# Description of the task
Restate the records below word for word, and omit the images they hold.

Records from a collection
★ ★ ★ ★ ★ ★ ★

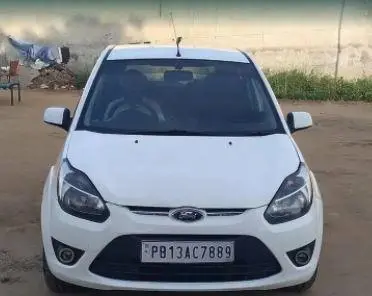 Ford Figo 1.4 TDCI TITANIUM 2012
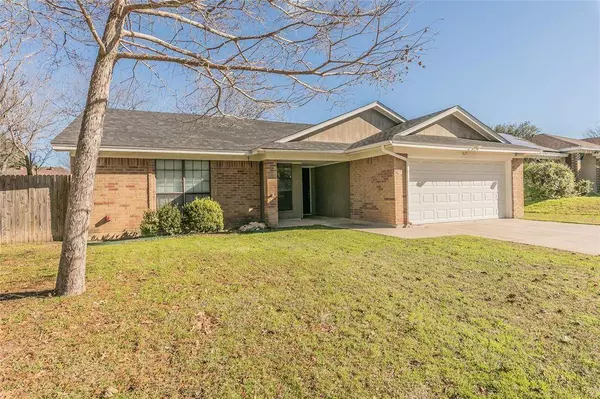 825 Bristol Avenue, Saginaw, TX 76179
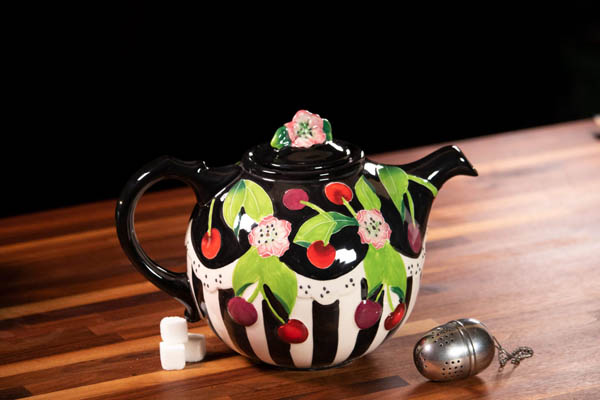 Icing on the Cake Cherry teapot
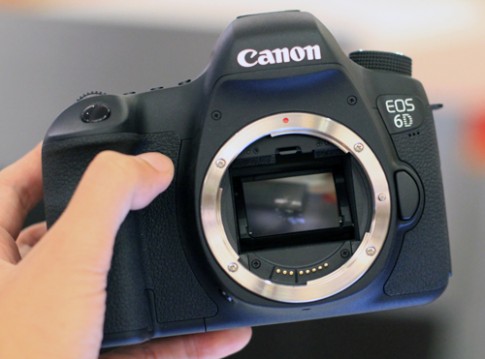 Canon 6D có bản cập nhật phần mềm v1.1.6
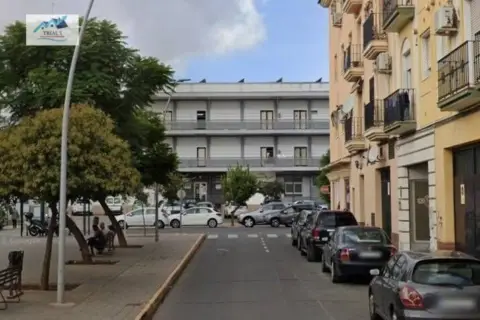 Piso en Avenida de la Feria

★ ★ ★ ★ ★ ★ ★

# Result for this exercise
 Ford Figo 1.4 TDCI TITANIUM 2012
 825 Bristol Avenue, Saginaw, TX 76179
 Icing on the Cake Cherry teapot
 Canon 6D có bản cập nhật phần mềm v1.1.6
 Piso en Avenida de la Feria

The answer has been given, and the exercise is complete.